When are environment variables available?

I have a setup where my Dockerfile will call a bash script bin/createfile

Dockerfile:

FROM mysql:5.6
COPY bin/ /bin/
ENV MYSQL_ROOT_PASSWORD=somepassword
RUN bin/createfile
CMD ["mysqld", "--character-set-server=utf8mb4", "--collation-server=utf8mb4_unicode_ci"]

Where bin/createfile will do something like this:

echo "[mysqldump]" > /etc/my.cnf
echo "user=${DbUser}" >> /etc/my.cnf
echo "password=${DbPass}" >> /etc/my.cnf
echo "" >> /etc/my.cnf
echo "[mysql]" >> /etc/my.cnf
echo "user=${DbUser}" >> /etc/my.cnf
echo "password=${DbPass}" >> /etc/my.cnf

chmod 600 /etc/my.cnf

This is so that I can run something like mysqldump without the -u -p arguments.
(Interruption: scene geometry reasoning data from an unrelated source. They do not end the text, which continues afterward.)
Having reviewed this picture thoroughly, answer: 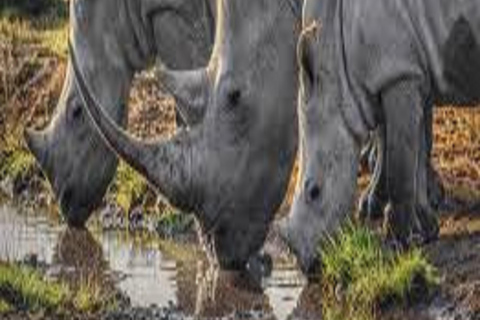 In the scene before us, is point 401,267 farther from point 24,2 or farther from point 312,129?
point 24,2

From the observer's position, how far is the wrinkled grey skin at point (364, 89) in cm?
1085

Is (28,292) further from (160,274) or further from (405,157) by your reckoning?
(405,157)

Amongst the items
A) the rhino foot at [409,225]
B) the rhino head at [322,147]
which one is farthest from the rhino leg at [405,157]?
the rhino head at [322,147]

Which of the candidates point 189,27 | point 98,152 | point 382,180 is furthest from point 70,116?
point 382,180

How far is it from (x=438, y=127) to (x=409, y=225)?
4.41 meters

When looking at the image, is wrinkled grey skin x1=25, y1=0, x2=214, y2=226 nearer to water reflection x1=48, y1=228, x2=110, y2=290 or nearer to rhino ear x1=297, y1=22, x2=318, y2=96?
water reflection x1=48, y1=228, x2=110, y2=290

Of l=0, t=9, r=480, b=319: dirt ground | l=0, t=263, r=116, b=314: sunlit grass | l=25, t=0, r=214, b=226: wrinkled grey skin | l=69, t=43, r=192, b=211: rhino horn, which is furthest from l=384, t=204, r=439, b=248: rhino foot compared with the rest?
l=25, t=0, r=214, b=226: wrinkled grey skin

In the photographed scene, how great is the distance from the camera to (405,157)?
10.8m

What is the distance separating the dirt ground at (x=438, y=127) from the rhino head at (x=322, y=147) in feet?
2.57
However at this point apparently the ENV variables are not available since it will not setup the /etc/my.cnf file correctly, it will blank where the user and passwords should be filled.

I need to do this before the docker container is created, because if I run it after, I need to restart the mysql server for the changes to take effect, but doing that will shutdown the docker container.

So my question is, is this possible with this setup of having the user and password filled with my ENV variables that are stored in my Convox env secrets? Or are they only available after the docker container is up and running which pretty much makes this use case imposible.

Any suggestions are welcome.

BTW this is the setup for a Timer for automatic backups

Did you ever find a solution for this? We’re needing to do something similar – pass AWS credentials to a grunt task in our Dockerfile.

@syngency for this specific use case I did not find a solution.